Recently I was asked this question by a faithful Baptist deacon and friend, requiring me to open my Bible to Exodus 4:21 where we read: “The Lord instructed Moses, ‘When you go back to Egypt, make sure you do all the wonders before Pharaoh that I have put within your power. But I will harden his heart so that he won’t let the people go.” And in Exodus 7:3 the Lord reiterated to Moses: “… I will harden Pharaoh’s heart and multiply My signs and wonders in the land of Egypt.”
That seems to settle it, right? If God hardened Pharaoh’s heart and thus stopped him from freeing the Israelites, why did He punish Pharaoh for what He had done? In the Pentateuch and Haftorahs, edited by Dr. J.H. Hertz, we read: “For God to make it impossible for a man to obey Him, and then punish him for his disobedience, would be both unjust and contrary to the fundamental Jewish belief in Freedom of the Will” (p. 220).
There is much more to the “hardening of Pharaoh’s heart” than first appears, reminding us that God wants us to dig deeper and think harder, and above all seek His guidance.
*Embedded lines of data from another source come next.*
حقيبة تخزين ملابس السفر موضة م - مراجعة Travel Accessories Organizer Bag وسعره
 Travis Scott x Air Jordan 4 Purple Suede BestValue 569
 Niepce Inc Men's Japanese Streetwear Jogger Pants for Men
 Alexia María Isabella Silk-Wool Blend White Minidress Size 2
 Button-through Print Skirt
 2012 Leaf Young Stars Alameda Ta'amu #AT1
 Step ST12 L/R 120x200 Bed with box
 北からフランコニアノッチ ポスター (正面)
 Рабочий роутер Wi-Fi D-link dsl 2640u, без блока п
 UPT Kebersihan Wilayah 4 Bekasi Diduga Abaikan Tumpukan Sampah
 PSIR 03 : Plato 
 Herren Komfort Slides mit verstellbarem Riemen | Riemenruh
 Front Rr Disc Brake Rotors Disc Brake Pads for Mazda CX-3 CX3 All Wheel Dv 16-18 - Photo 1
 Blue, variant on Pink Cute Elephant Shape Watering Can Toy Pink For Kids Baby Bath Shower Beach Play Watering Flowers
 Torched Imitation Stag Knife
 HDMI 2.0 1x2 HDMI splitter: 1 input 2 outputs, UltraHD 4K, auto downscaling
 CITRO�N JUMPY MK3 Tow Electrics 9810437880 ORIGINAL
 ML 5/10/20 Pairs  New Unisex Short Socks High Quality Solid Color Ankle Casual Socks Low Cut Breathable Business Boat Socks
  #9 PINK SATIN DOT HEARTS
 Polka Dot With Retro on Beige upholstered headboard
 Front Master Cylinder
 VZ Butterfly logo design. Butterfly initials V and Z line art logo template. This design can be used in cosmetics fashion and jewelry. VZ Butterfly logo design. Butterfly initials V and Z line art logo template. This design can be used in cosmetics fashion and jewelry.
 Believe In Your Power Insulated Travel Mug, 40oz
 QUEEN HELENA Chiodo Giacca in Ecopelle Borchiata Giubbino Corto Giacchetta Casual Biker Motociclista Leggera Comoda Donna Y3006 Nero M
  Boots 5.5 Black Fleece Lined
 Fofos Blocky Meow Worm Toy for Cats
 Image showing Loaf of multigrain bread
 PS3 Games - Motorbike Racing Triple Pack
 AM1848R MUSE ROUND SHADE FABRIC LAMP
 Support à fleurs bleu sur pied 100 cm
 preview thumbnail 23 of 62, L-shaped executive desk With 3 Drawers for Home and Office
After acknowledging how God “twice predicts he will harden Pharaoh’s heart” Walker C. Kaiser, Jr. reminds us to keep in mind that if these two occurrences appear to cast the die against Pharaoh, it must be remembered that all God’s prophecies to his prophets have a suppressed ‘unless you repent’ attached to them. Few prophecies are unconditional … In Pharaoh’s case, Pharaoh initiated the whole process by hardening his own heart ten times during the first five plagues (Ex. 7:13,14, 22; 8:15, 19, 32; 9:7, 34, 35 and 13:15). It was always and only Pharaoh who hardened his heart during these plagues (Hard Saying of the Old Testament, p. 67).
Let’s slip down to verse 13 where we read how “Pharaoh’s heart hardened, and he did not listen to them (Moses and Aaron), as the Lord had said.” The fact still remains that God did predict He would harden Pharaoh’s heart, and “nine times the hardening of Pharaoh’s heart is ascribed to God. There thus seems to be two sides to this hardening” (Pentateuch and Haftorahs, p. 220).
How do we reconcile the two? May I share with you two illustrations, one an ancient Jewish midrash I first heard while a graduate student and the second an ancient Christian interpretation I later read in my studies.
A Jewish Midrash, or “interpretation/illustration,” asks us to picture two farmers. The first farmer cultivates his land with great care. The rains come. The sun shines. The crops grow. The second farmer refuses to work his land. The rains come and the ground turns to mud. Then the sun shines and the ground becomes as hard as clay. In a very real sense God hardened the second farmer’s land by sending the rain and then making the sun shine; but, he the farmer also ruined his land by not working the land.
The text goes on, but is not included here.